Quinn was playing for Denver when the Chiefs organization made its first visit to Joplin last summer. Poe was getting ready for his junior season at Memphis. Fanor was readying for his senior campaign at Bethune-Cookman.

Taking time to volunteer in Joplin was especially meaningful for Fanor, who was born in Haiti and lost his cousin when a 7.0-magnitude earthquake devastated the Caribbean island in 2010. Fanor was in the country just two weeks before the catastrophic quake killed an estimated 316,000 people.

“It struck close to home for me,” Fanor remembered. “Two weeks earlier and that could’ve been me, and my mom.  Instead, it was my family.”

In Joplin, an EF-5 tornado affected 7,571 households and destroyed 4,024 residences on May 22, 2011. The twister also claimed 161 lives and injured hundreds of others to rank as the United States’ deadliest single tornado since modern-day recordkeeping began in 1950.

Friday’s trip was the first time many of the players had been to Joplin. Nearly the entire rookie class volunteered for the build without prior knowledge of exactly what they’d find.

“I tried to do my best to explain everything,” said rookie Tysyn Hartman, a native of nearby Wichita, Ks. “I was in Manhattan (Ks.) when the tornado hit, but obviously saw all of the news coverage. Basically there was nothing out here. You turn around 360-degrees and in every angle its destruction and debris.

“I tell them all of that, but then we get here and there are new houses being built. It just goes to show you how the community has responded in their commitment to rebuilding and getting their lives back together.”

Poe joined the traveling party despite not yet having a rookie contract in place. Much like his approach to the team’s offseason program, Poe made it a point to separate contract negotiations from team commitments.  

“Once I heard about the tornado and how it affected Joplin, there wasn’t any question that I was going to come down here and help,” Poe said after removing a hard hat and work gloves to sign autographs and talk with Joplin residents.

This is the second consecutive year the team’s number one pick has volunteered in Joplin before agreeing to a rookie deal.

Jonathan Baldwin aided in the removal of storm debris last June before meeting many of his teammates. Because of the NFL Lockout, Baldwin volunteered in Joplin before he’d even stepped foot on the Chiefs practice field.

“We haven’t told them what they should do, they have just shown up,” GM Scott Pioli said. “The encouraging thing is that they are mature enough, caring enough and smart enough that they know the right thing to do. I think it’s a good sign when you see young players, two guys just out of college, that know what the right thing is. I think it shows us that we have a little less teaching to do in terms of helping them mature.”

“There is a certain kind of standard that I have to adhere to now as a professional athlete, so I tried to get out here and help as much as I could,” Poe added.

“It feels good knowing that I could come out here and help.
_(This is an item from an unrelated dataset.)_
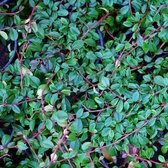 Cotoneaster dammeri 'Major' - Dwergmispel - Planthoogte: 30-40 cm - Pot Ø 14 cm (1,5 liter)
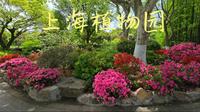 Sophie's Garden 上海植物园绝对称得上是国内顶级植物园，无一处不精致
As I walk around people are saying nice things and I appreciate it. It feels good to be appreciated. Having the opportunity to come out here is a blessing in itself.

After all the work was done, the framing of five homes was completed and two additional properties were landscaped.
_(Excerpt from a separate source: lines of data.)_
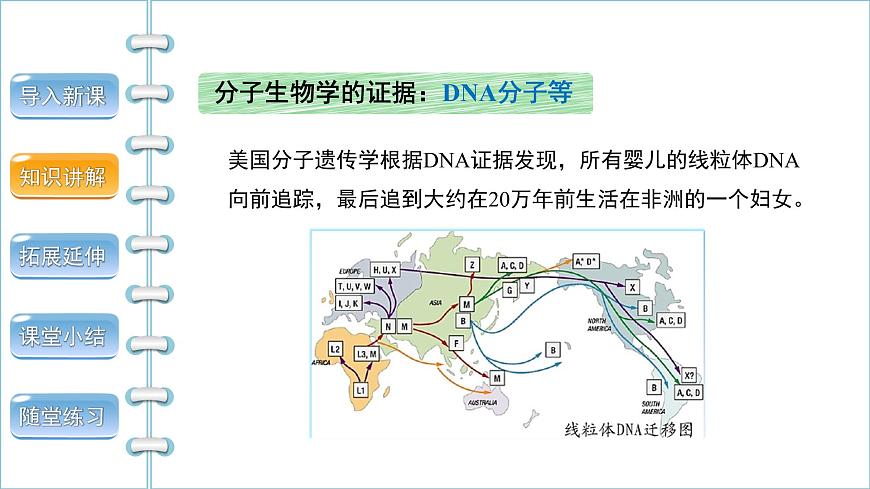 第四單元第一章第一節(jié)人類的起源和發(fā)展課件2021--2022學(xué)年人教版生物七年級下冊第8頁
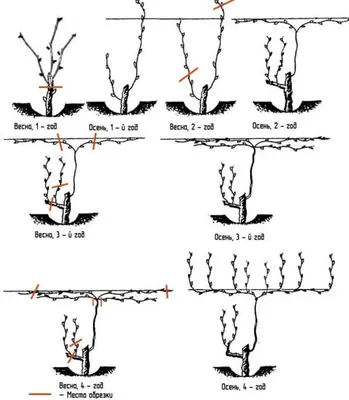 Обрезка винограда весной - сроки и техника проведения, инструкция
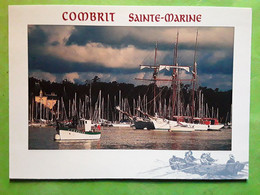 COMBRIT STE SAINTE MARINE,  Finistère 29, Mouillage Au Port , Voiliers , Ed Le Doare , TB - Combrit Ste-Marine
Friday’s visit was part of the Governor’s Joplin-Habitat Challenge – a continuation of the exceptional response to Joplin’s recovery already demonstrated by the Kansas City Chiefs and Royals; St. Louis Rams, Cardinals and Blues; Mizzou Athletics; and NASCAR, during 2011.

Over the course of April-October 2012, players, coaches, alumni, broadcasters and front office staff from each organization will visit Joplin and aid in construction efforts alongside contractors of Habitat for Humanity. A total of 35 new homes will be built once the Governor’s Challenge is complete.